A Slice of Wicker Park East Ukrainian Village

There is a building on my block that I frequently refer to as “the crack house.” It’s not that I know that drugs are sold there, or that any illegal activity goes on at all, but it always seems to be a bit shady. There’s a permanent plaque on the building advertising furnished rooms for rent and sketchy folks are always hanging around and out the windows.

So, the other day I was approaching the building and I saw 3 people outside of it standing on the corner. One was a scrawny, young girl with brown hair bleached out to a sick orangish yellow color. Her skirt was skintight and barely covering anything, her shirt the same. If there were any more cleavage showing it wouldn’t be a shirt anymore. If this girl was not a prostitute she was doing a damn good job impersonating one. She was standing in her stiletto heels talking to a middle-aged black man who looked like he was about one step above homelessness and was sitting on his bike. The third person in their group was what seems to be the hooker’s friend. Just as used up looking, but chubbier and with slightly more clothing on. The group, especially the women, look like they’ve just gotten done with a hard night of partying despite the fact that it’s 5:30 in the afternoon.

Three doors down from “the crack house” is a land marked building marked with the year it was built – 1883. On the other side of “the crack house” are two brand new, expensive condos. In the closest one lives a young family with two sons. I would estimate the boys’ ages to be 2 and 4 years old. Sometimes I feel for the family’s living situation.. like the time when I saw the mother walking with her sons past “the crack house” and the older boy stopped by some trash thrown on the lawn and bent down to reach and touch it. The mother had to quickly step over and scold him before he got his hands into something really nasty. This is just a small example of what I’m sure they have to deal with on a daily basis with “the crack house” as their neighbor.

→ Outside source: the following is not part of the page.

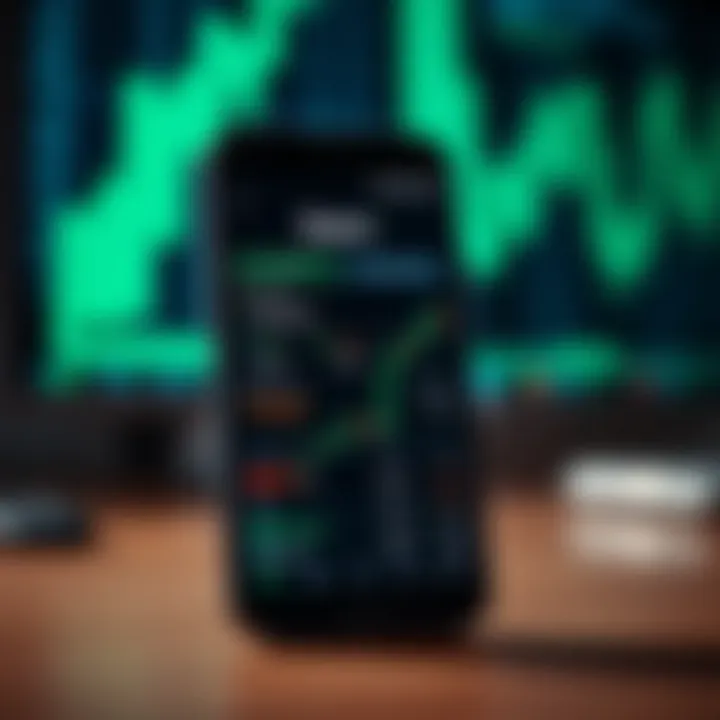 Android smartphone displaying the Deriv app interface showing trading options and market charts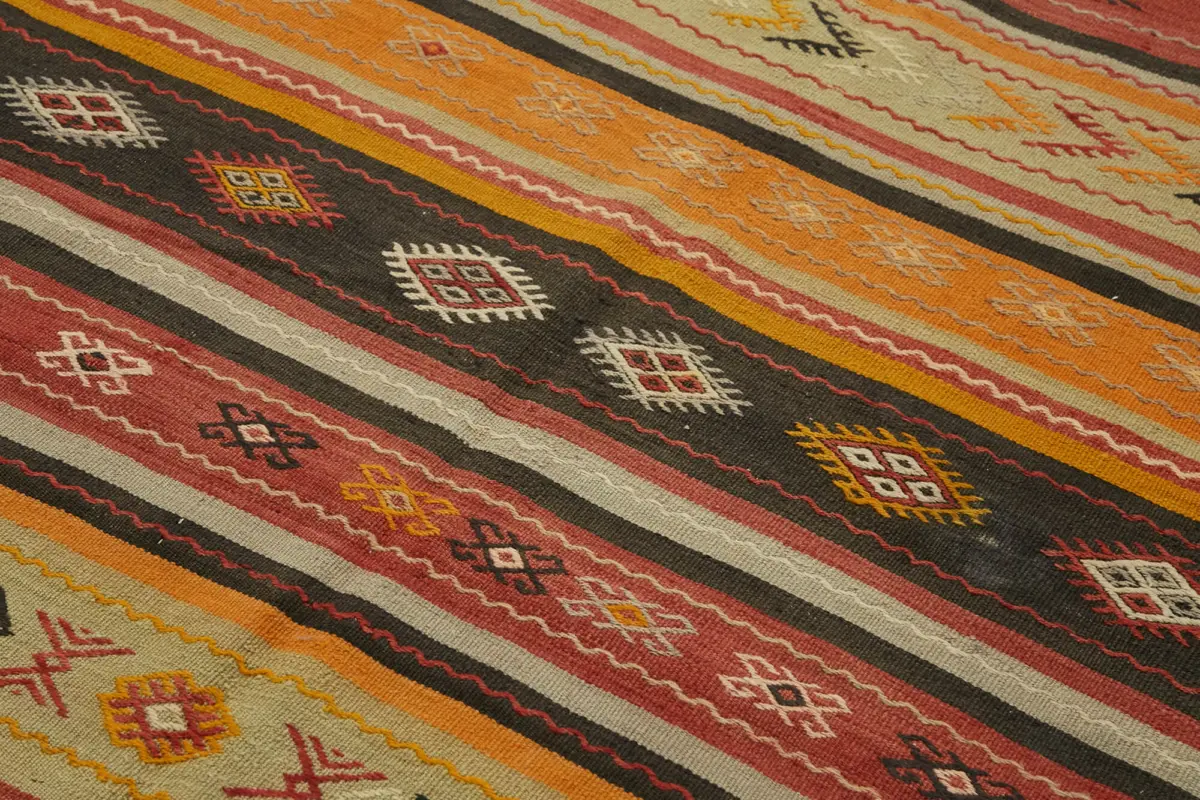 Anadolu Eskitme Multi Renk Pamuk Üzerine Yün El Dokuma Kilim-153x263 - Görsel 5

So, this time when I was walking by the father of the family was watering the newly landscaped sliver of yard that is closest to the road. The hose was draped across the sidewalk and he was about 10 steps away from “the crack house” and the threesome that is gregariously talking outside of it. The father looked happy to be watering the brightly-colored flowers. I imagine his wife and kids inside preparing the family’s dinner.

A few paces ahead of me walking on the sidewalk was an old Polish woman. She was nicely dressed with a scarf on her head. She was walking slow, stooped over, almost in half. The father, who was watering the flowers, stopped to move the hose out of her way on the sidewalk. They exchanged very brief pleasantries. The father’s act of kindness, going out of the way to move a hose that could easily be stepped over, seemed ridiculous knowing that in 10 more steps she’d be walking past the littered lawn of “the crack house” and the shady characters that come with it.

And then there was me: A single 20-something woman breezing by the old lady, smiling at the father, and avoiding eye contact with the threesome. I was wearing a flowing skirt I’d just purchased at The Rack and listening to my iPod, thinking of the things I needed to get done that night. I didn’t represent the hipsters and I didn’t represent the yuppies. I was somewhere in the middle.

If only at that moment I had been carrying a burrito from one of our many local taquerias or if a car sporting the Puerto Rican flag and blasting music would have raced by to add some Latin flair, this would have been the perfect scene to capture the essence of Wicker Park. Historically land marked buildings that are beside brand new condos that are beside housing projects. An older Polish population rubs elbows with a large Hispanic population that mixes with families and hipsters. The rich and the poor and the in-between. We somehow all cohabitate.